### WHAT TO DO
No picture belongs in the copy. Repeat each line below exactly.

:: INFORMATION SHOWN ::

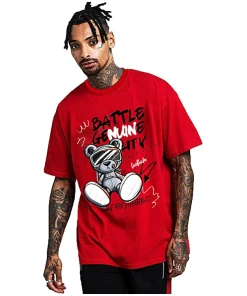 Oversized Cottonblend Half Sleeve Men's T-Shirt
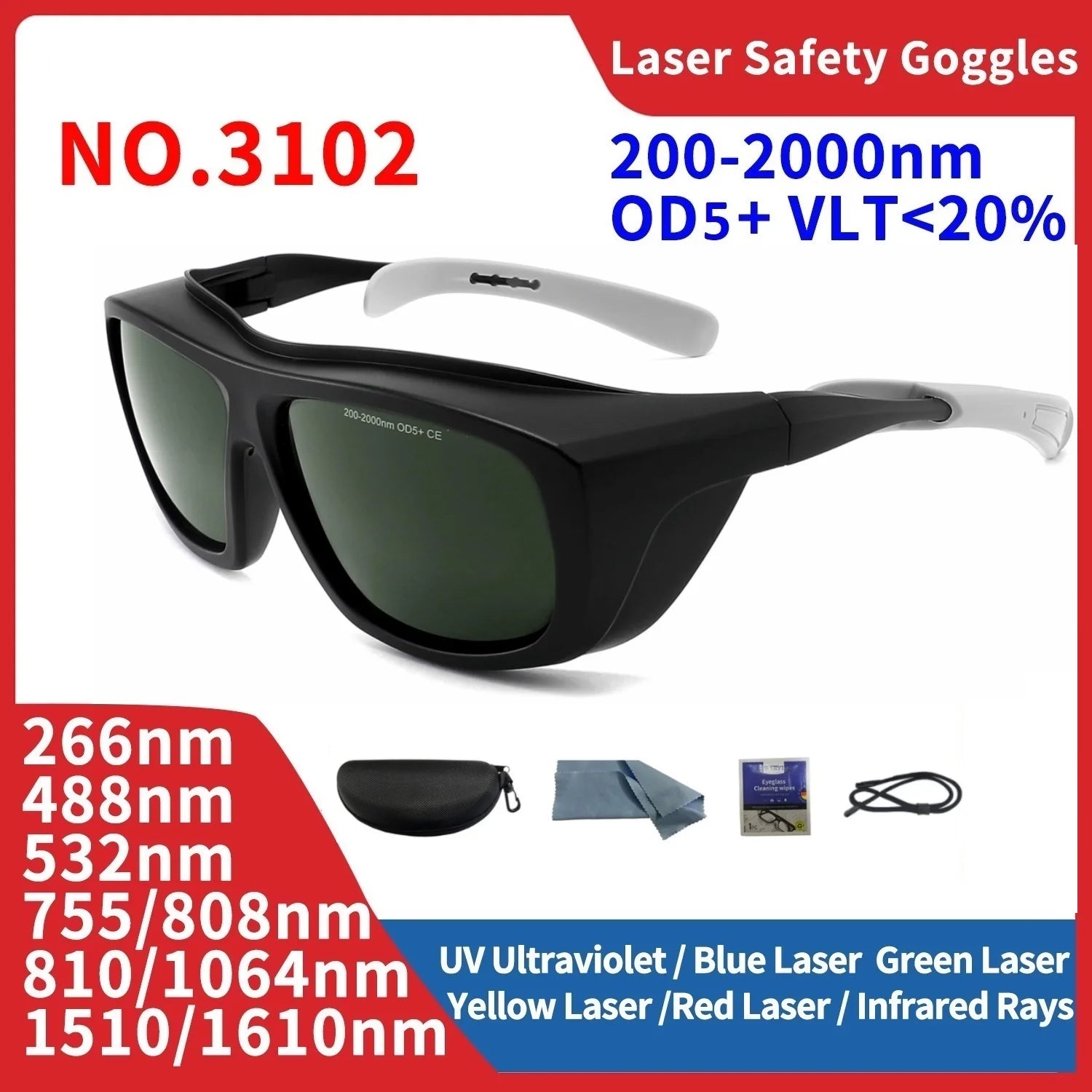 Okulary ochronne laserowe – ochrona oczu uv, ir, ipl, fpv 1064nm, 532nm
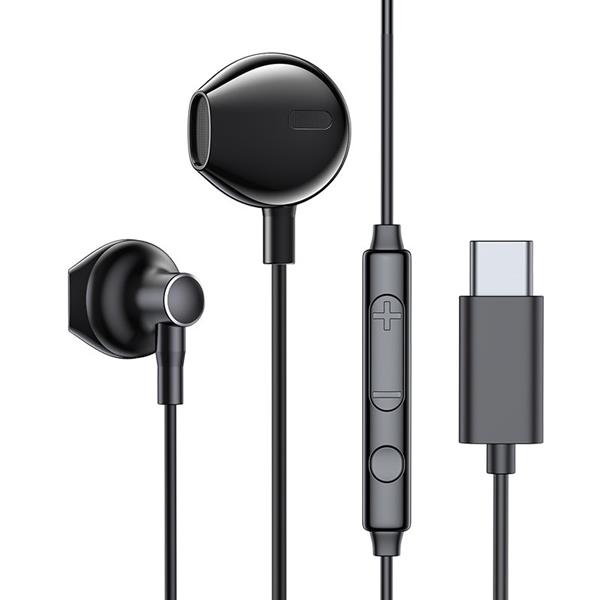 Joyroom douszne słuchawki USB Typ C z pilotem i mikrofonem czarny (JR-EC03 Black)-2254131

:::

### REPLY TO THE TASK
 Oversized Cottonblend Half Sleeve Men's T-Shirt
 Okulary ochronne laserowe – ochrona oczu uv, ir, ipl, fpv 1064nm, 532nm
 Joyroom douszne słuchawki USB Typ C z pilotem i mikrofonem czarny (JR-EC03 Black)-2254131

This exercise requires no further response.